-------- Dataset extract --------

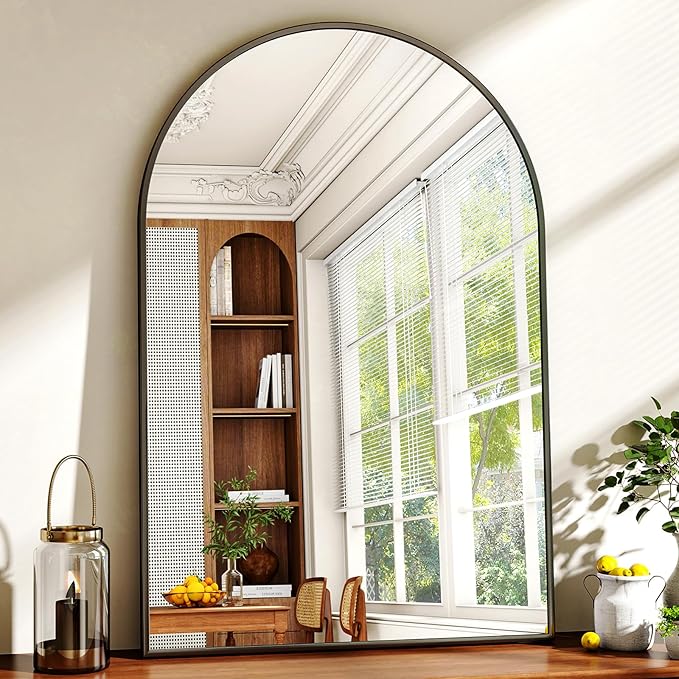 24"x36" Black Arched Bathroom Mirror - Wall Mirror for Bathroom, Metal Frame Vanity Mirror, Dresser Mirror, Arch Decorative Mirrors for Living Room, Bedroom, Entryway, Mantle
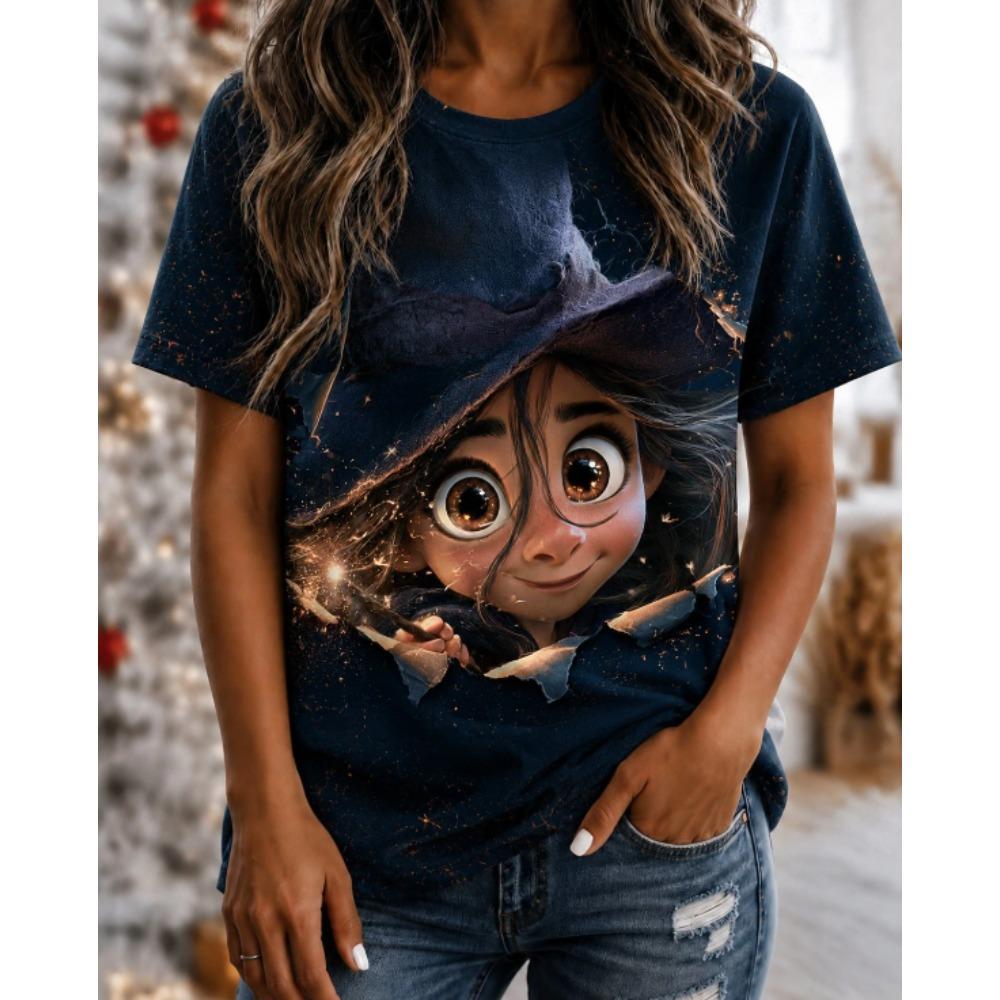Fashion Women Retro Creative Pumpkin Wizard Print T Shirt Funny Casual O-neck Short Sleeves T-shirt Summer Female Tee Shirt Halloween Limited Edition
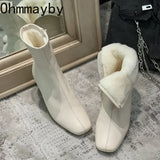 2024 Winter Warm Plush Women Ankle Boots Fashion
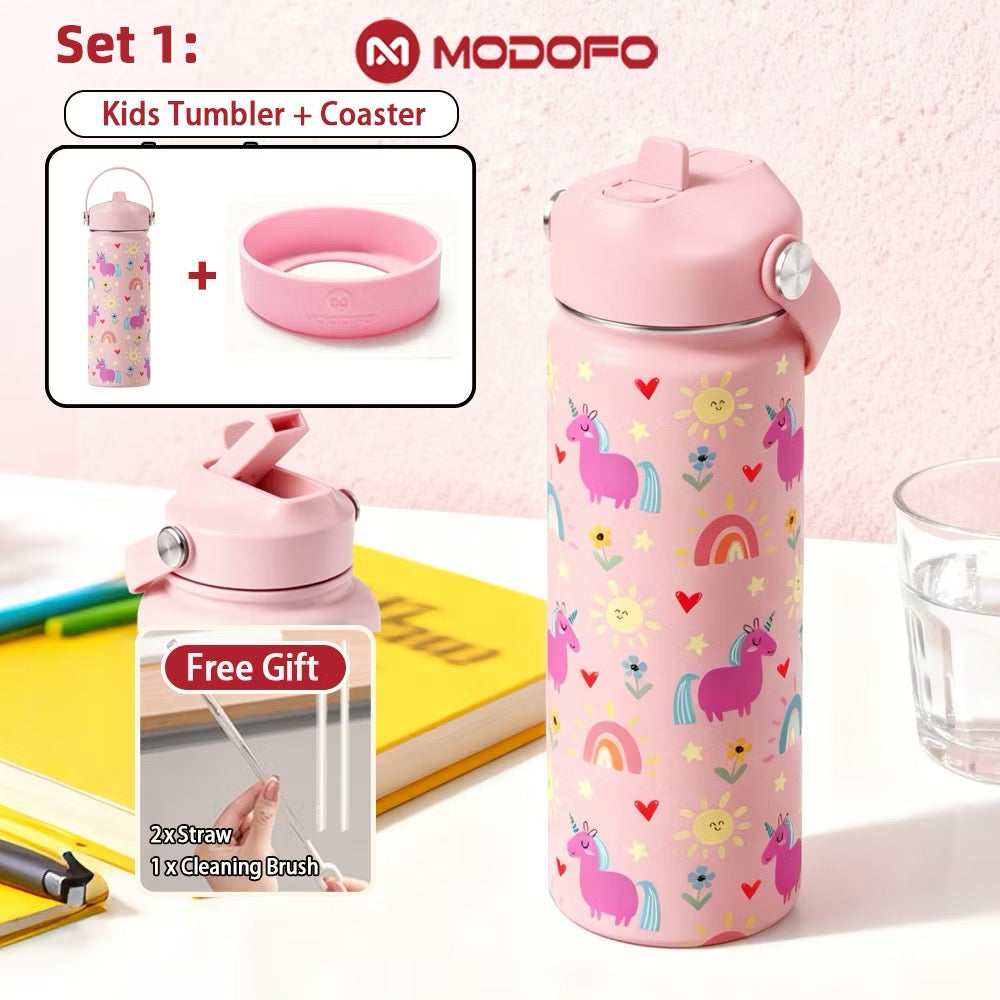 MDF  Kids Tumbler Thermos With Straw Bottle 18oz/530ml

--------

▶ Work to be completed
Leaving the pictures aside, transcribe only the lines from the one containing "Fashion Women Retro" to the final line of the listing above, inclusive, exactly as they appear.

▶ Task answer
Fashion Women Retro Creative Pumpkin Wizard Print T Shirt Funny Casual O-neck Short Sleeves T-shirt Summer Female Tee Shirt Halloween Limited Edition
 2024 Winter Warm Plush Women Ankle Boots Fashion
 MDF  Kids Tumbler Thermos With Straw Bottle 18oz/530ml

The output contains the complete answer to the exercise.